OE: I was a guest on board a yacht for a cruise in Japan. We started in Kobe and went south into the inland seas. We spent most of the time during the day in big tenders, exploring remote regions and uncharted territories where yachts had never been. We met people who had never seen white faces before. We all like to think of Japan as a super sophisticated hi-tech country, which of course it is – but to see that side of Japan was particularly interesting and the only way you could have done that was with a yacht. Having the independence of driving your own tender was great. We had a guide because of the language barrier, but we just didn’t know what we were going to see next. It was truly an incredible experience.
IY: What is your favourite charter destination?

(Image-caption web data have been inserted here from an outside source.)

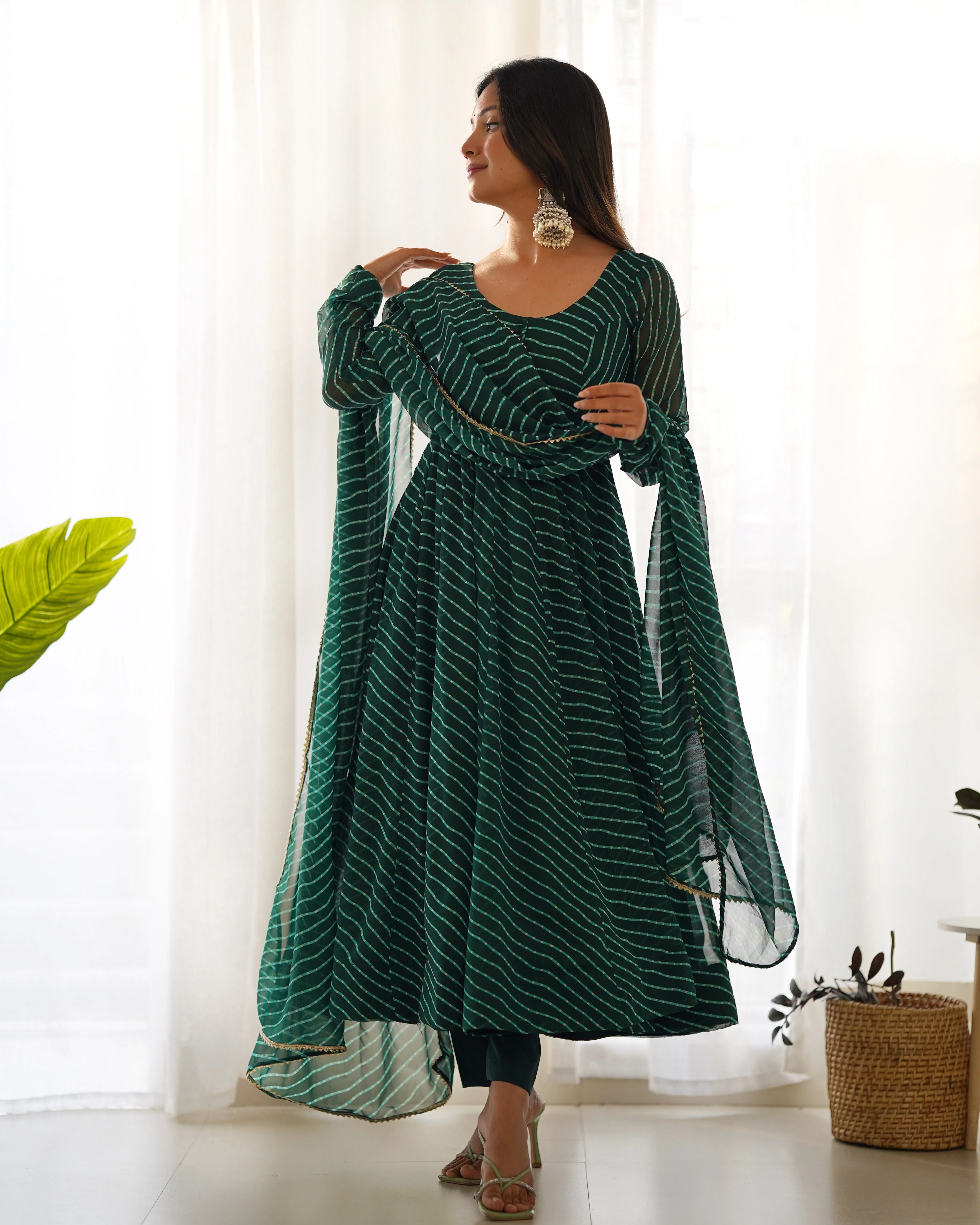Exclusive Green Colour Laheriya Print Anarkali Set - Image 5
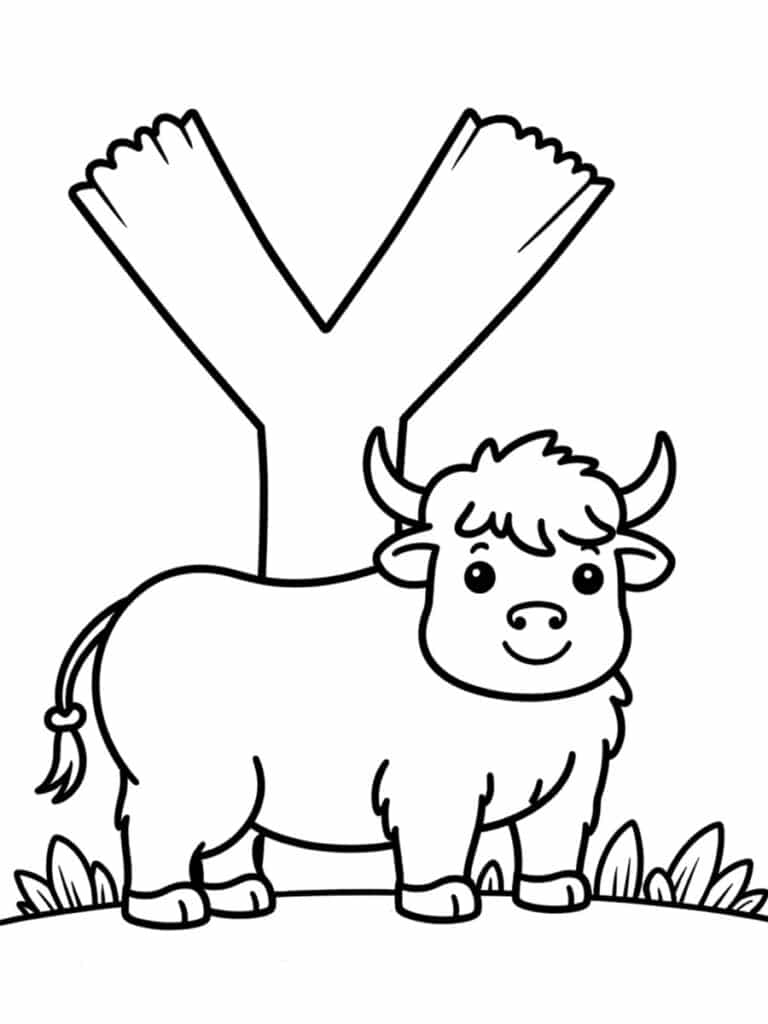Coloriage lettre Y avec yack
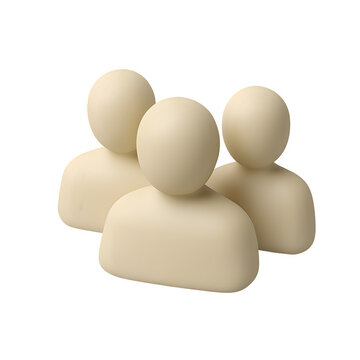 Three stylized beige figures representing a group of people isolated on transparent background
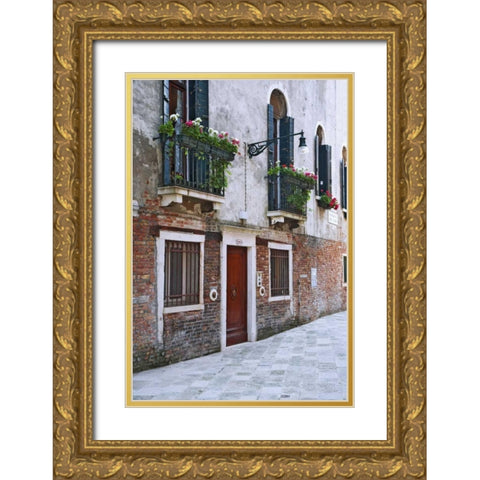 Italy, Venice A residential side street Gold Ornate Wood Framed Art Print with Double Matting by Flaherty, Dennis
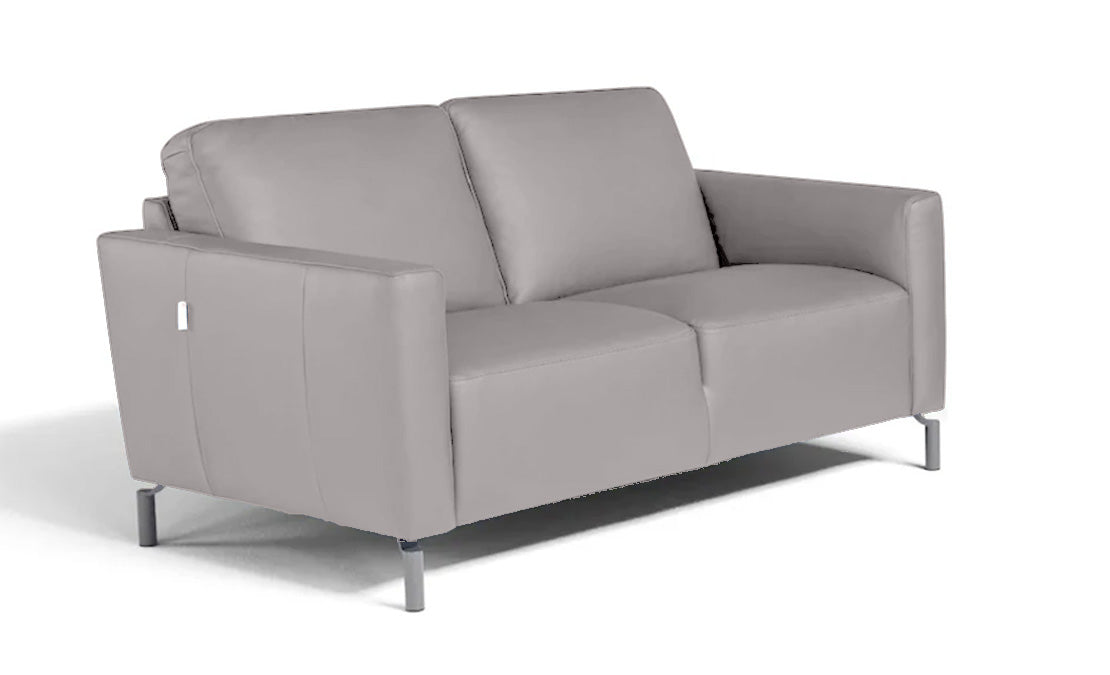 Caleb Leather Loveseat in Light Grey | Max Divani - Canal Furniture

OE: If the weather is good, there is no better place to cruise than the west of Norway. It lends itself very well to exploring by tender. Of course, the hospitality industry isn’t great in Scandinavia, but having your own yacht means you can eat the very best food whenever you like. In the summer, the sun barely goes down, particularly in the north, so you can really tailor your whole day to your own schedule and your own preferences. You can spend hours discovering the coastline with tenders and helicopters and then come back very late and still enjoy dinner on board. It’s given me some really beautiful experiences.
IY: What’s your favourite charter season?
OE: Well the Mediterranean is unbeatable because the weather is so predictable. I like to visit Amalfi, Capri, the northern part of Sardinia. The Sardinian charter season is very short, perhaps from mid-July to the end of August but this year, I was down there at the end of June. The weather was amazing but there were hardly any people. You could take the tender, find a bay, anchor up, have a swim, head ashore for a picnic and then move on to the next one. It was just wonderful.
IY: What kinds of design features do you expect to see on charter yachts over the next five or ten years?
OE: A good charter experience is often the result of good planning. That’s rarely apparent to the guests but it’s about more than just the itinerary and the activities. It’s about planning for the unexpected. For instance, if charter guests come back after lunch ashore with friends and they want to continue the party, you need to be ready for that. What we are seeing are more and more yachts with integrated loudspeakers and lighting systems so it doesn’t take the crew three hours to set things up. It can all be done within minutes.
Another thing that will continue to evolve is the on board spa. Twenty years ago you didn’t really see them but the spa will continue to take up more space as it encompasses the full service, from massage to hammam, sauna, snow rooms and pilates facilities, plus extensive gyms and beauty parlours. After a good charter, it will enable people to feel that they have accomplished a lot but also relaxed a lot. They should leave with a sense of fulfilment but also with a strong desire to come back.
IY: If you could own just one yacht, what would it be?
OE: My perfect yacht would definitely be an explorer vessel with a steel hull and aluminium superstructure – something designed for going to remote places. It would have all the toys I described, plus a resident helicopter. I am learning to fly and it’s like driving a tender in 3D. It’s a wonderful experience.